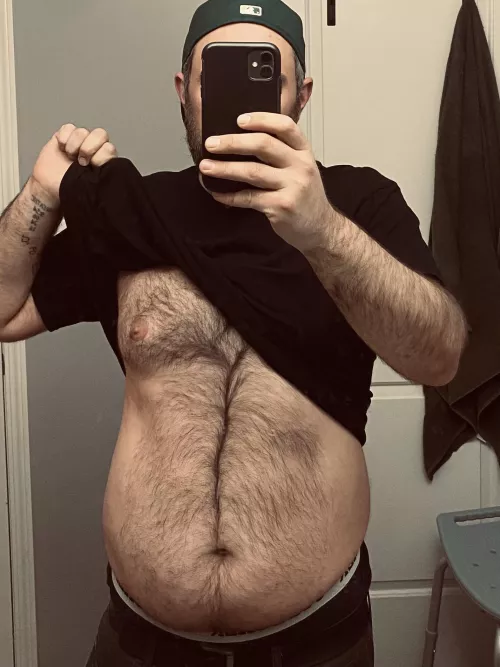 Same pose different day! Dm me for more  by hairychubbyman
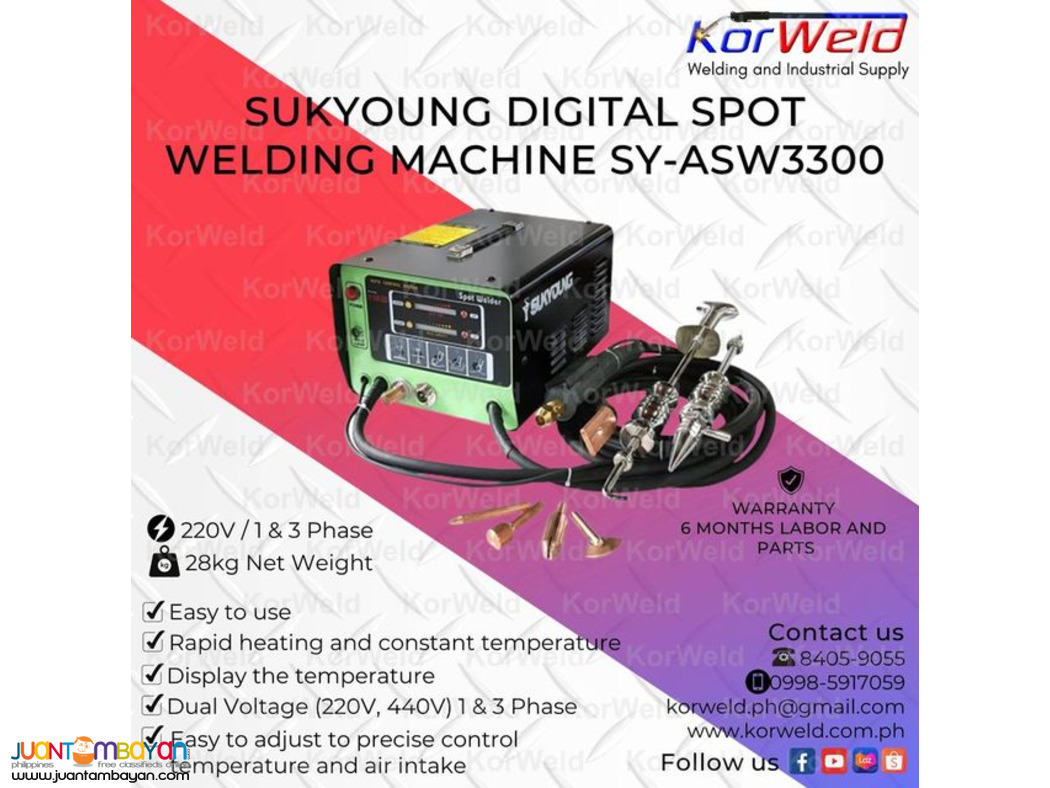 Sukyoung Digital Spot Welding Machine SY-ASW3300
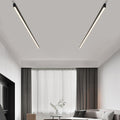 Linearo: Modern LED Ceiling Light – Linear Metal Lamp in Black for Living Room & Bedroom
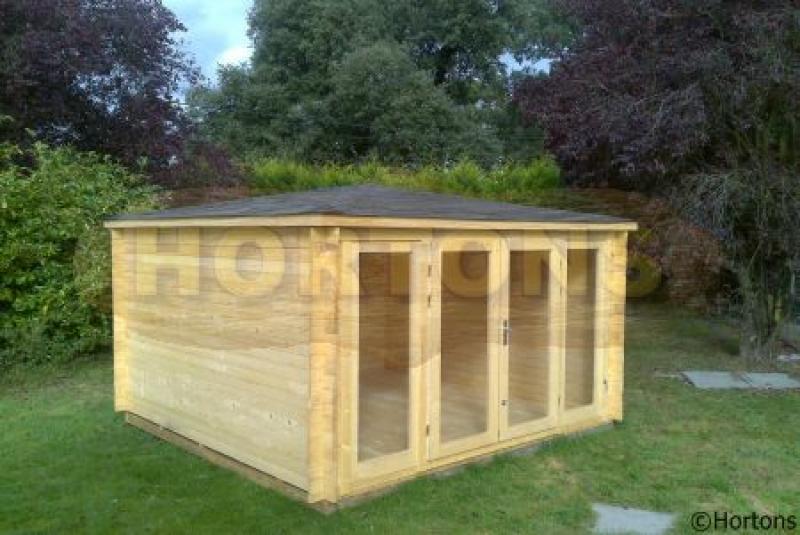 Kidderminster Twinskin 35 + 35mm 3.5x3.5m log cabin - Click Image to Close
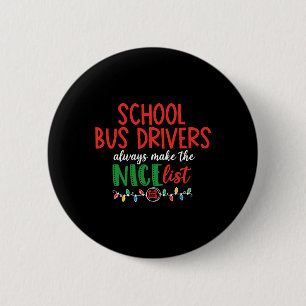 Weihnachtsbusfahrer, Schulbus Button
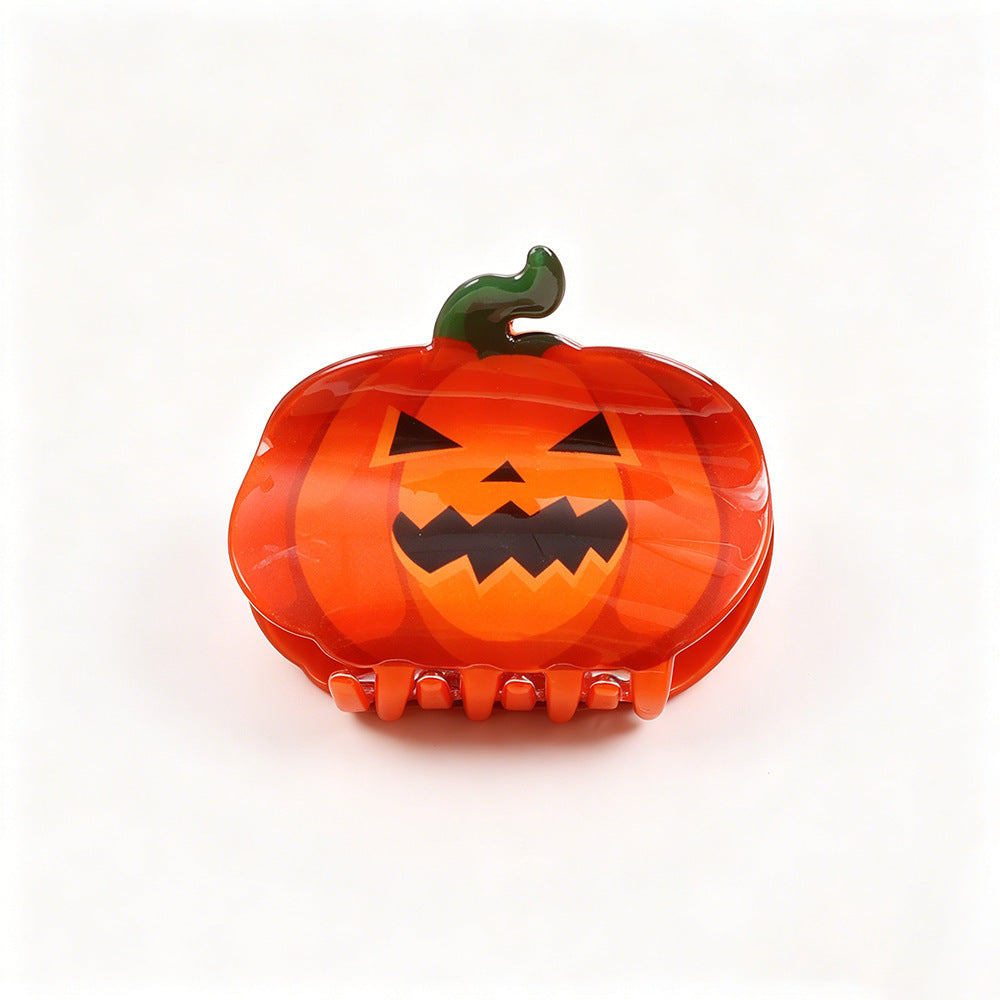 Quirky Halloween Ghost Pumpkin Hair Claw 6W6HCP1324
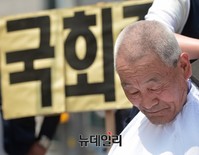 [포토] 국회법 개정안 거부권 촉구 삭발식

▶ _Task description_: All entries above are to be reproduced exactly, with no pictures.

▶ _Result of this exercise_:
 Same pose different day! Dm me for more  by hairychubbyman
 Sukyoung Digital Spot Welding Machine SY-ASW3300
 Linearo: Modern LED Ceiling Light – Linear Metal Lamp in Black for Living Room & Bedroom
 Kidderminster Twinskin 35 + 35mm 3.5x3.5m log cabin - Click Image to Close
 Weihnachtsbusfahrer, Schulbus Button
 Quirky Halloween Ghost Pumpkin Hair Claw 6W6HCP1324
 [포토] 국회법 개정안 거부권 촉구 삭발식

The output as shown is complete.